In a short time, new technologies and the Internet have meant an authentic revolution in the way of relating to one another and communicating socially. It also affects, to a greater extend, the business world. Companies no longer target anonomous, mass customers who buy anything, rather they need to seduce an increasingly more segmented public who knows—and demands—what they want and who, for the first time, has a voice and an opinion. The end user knows the evaluation that others have made of a specific product or service and demands a personalized, quality attention.
However, faced with this change in paradigm, which is no longer anything new, many companies continue to live in the past—not even in the present—and preserve business values that underestimate the importance of training and creativity. Imagine if all major business owners of our country continued to apply the advice of their grandmothers to the letter. Although they are valuable and esssential, they belong to an era that is not ours to live and, like everything, that advice is no longer valid.
Reinvent yourself or die. The lack of training means the death of companies.

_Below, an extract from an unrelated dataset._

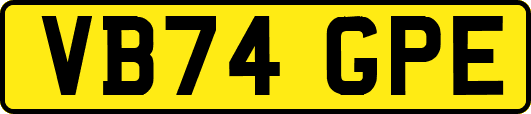 VB74GPE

As I heard Doménec Biosca, president of Educatur, say at a conference recently, “we cannot continue to talk about human resources, rather people with resources.” Products and services, when it comes down to it, are quite alike. What marks the difference is people, who have to be capable of moving the customer, giving them a unique experience and personalized attention. But that can only be achieved by companies that have previously managed their internal emotions. In other words, that have analyzed and encouraged the skills of their employees, that promote channels of efficient communication and that go that extra mile to achieve specific dreams and not just business figures. Nowadays, in a especially hostile environment, only those that want to survive do —wanting is power—, in other words, those that adapt to changes best and quickly, not the strongest.